VA's medical foster home program puts veterans in private residences
By Mary Powers (Contact), Memphis Commercial Appeal
Tuesday, April 14, 2009
When a doctor delivered the news that frailty and increasingly complicated health problems meant living alone was no longer an option, the Bowlings were distraught.
"I didn't want to go to a nursing home," explained Alicia Bowling, 88.
Thanks to a new Memphis Veterans Medical Center program, she and her 90-year-old husband, Julian, didn't stay long.
In January, the Bowlings moved from a Shelby County nursing home into a spare bedroom in the Bartlett home of Linda and Steve Hornaday.
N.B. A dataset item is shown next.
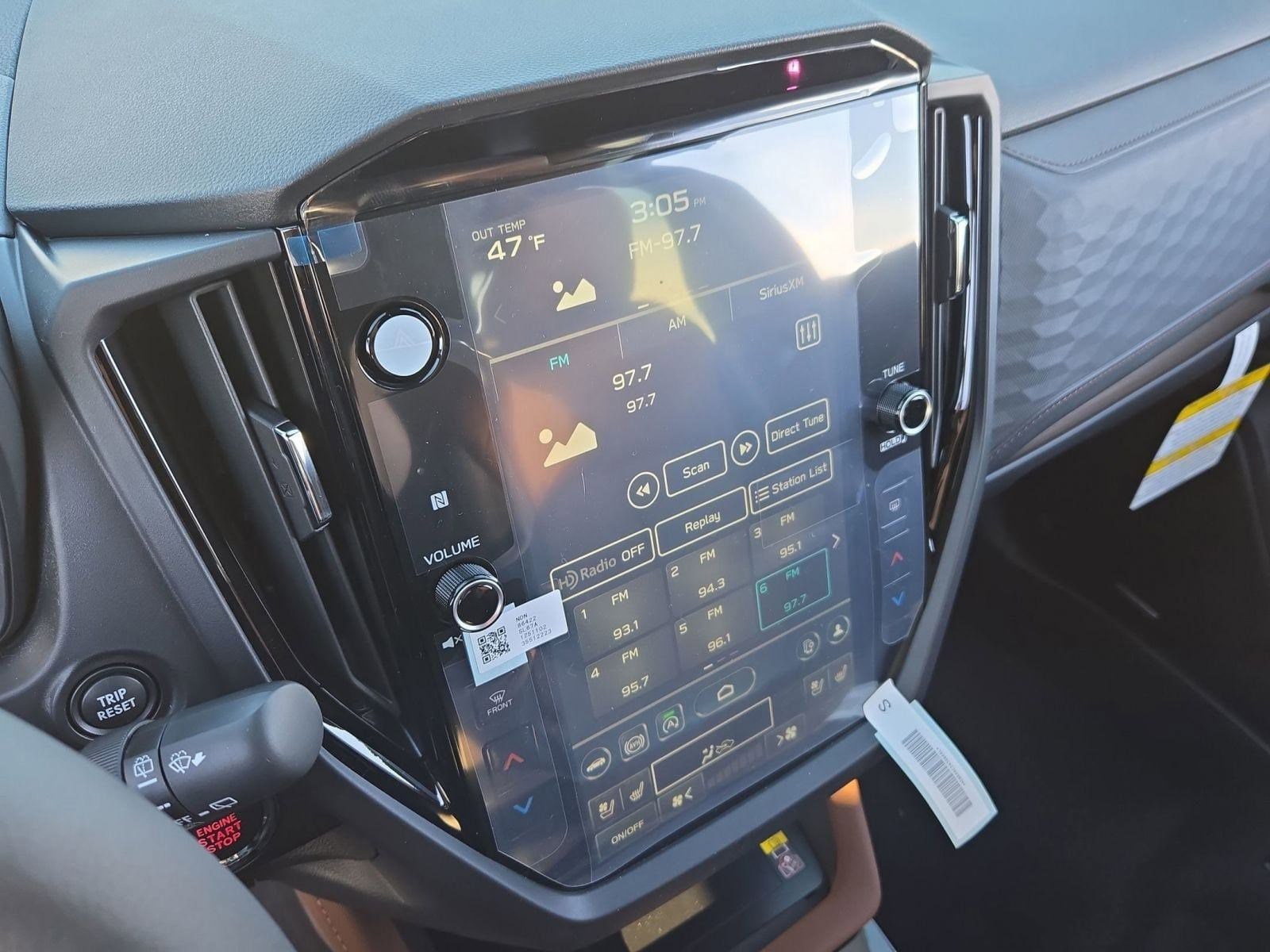 2026 Subaru Forester Touring - Photo 22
The VA's medical foster home program brought the two families together.
Started about 10 years ago with a few families in Hot Springs, Ark., the program has expanded to 13 communities in nine states or territories where about 400 veterans now live in private homes, rather than nursing homes. Plans call for expanding the effort nationwide.
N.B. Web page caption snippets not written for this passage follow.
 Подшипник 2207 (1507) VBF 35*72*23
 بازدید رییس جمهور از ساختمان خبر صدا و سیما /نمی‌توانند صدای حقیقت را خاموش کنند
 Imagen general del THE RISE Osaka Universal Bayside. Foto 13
The VA screens prospective homes, matches veterans and caregivers and coordinates health care through its home care program. Veterans pay caregivers. Room, board and other services cost between $1,200 and $2,400 per month.
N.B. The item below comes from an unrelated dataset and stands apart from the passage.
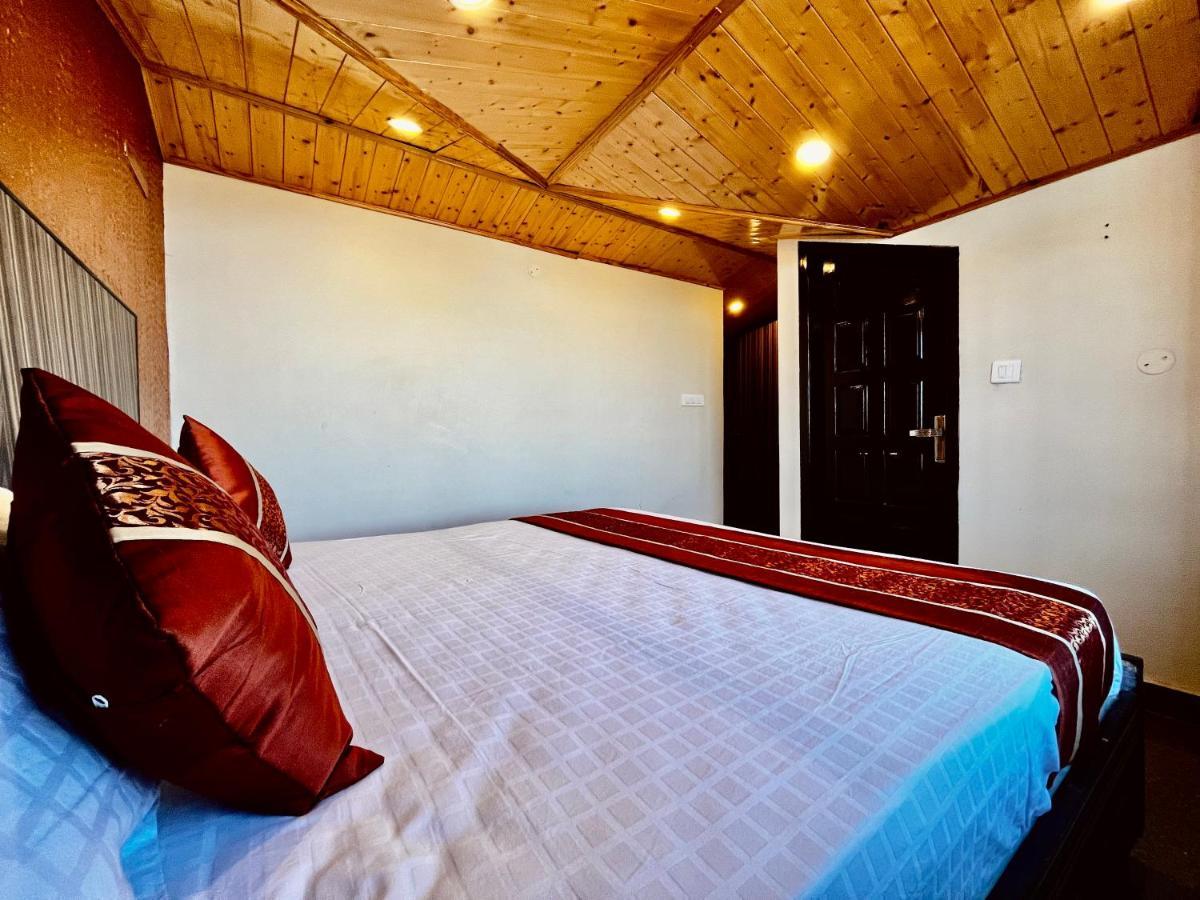 Nirvana Rooms Shimla Dış mekan fotoğraf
So far, dozens of Mid-South veterans have expressed interest in the program, but just two homes have been approved. Three more are under review.
"This requires a leap of faith," said Dabney Collum, a social worker and Memphis program coordinator.
"This is still a really foreign concept for people," she said. "But it is a wonderful dynamic alternative to nursing home care."
Unlike state-licensed care homes, the VA program requires care be provided in the caregiver's own home. Homes are limited to a maximum of three paying residents. Collum makes announced and unannounced visits. The VA Home Based Primary Care program staff are in and out of the house regularly, sometimes several times each week.
"We really do hope they will receive the same level of care they would in a nursing home, but we also really want them to become part of the caregiver's family," Collum said. "We want this to be a long-term arrangement."
Seated on a couch in the large family room off the Hornadays' kitchen, Alicia Bowling said she was "scared to death" about moving into a stranger's home, but her husband was sold from the beginning. She was persuaded to give it a try after a nephew visited the Hornadays. The Bowlings also visited before they moved in.
"They treat us like family," said Alicia Bowling.
She helped plant flowers in the yard, likes to watch TV with the family basset hound's head resting on her lap, and called the Hornadays' 9-year-old son and 7-year-old grandson "dolls." The entire household usually sits down to one meal together every day.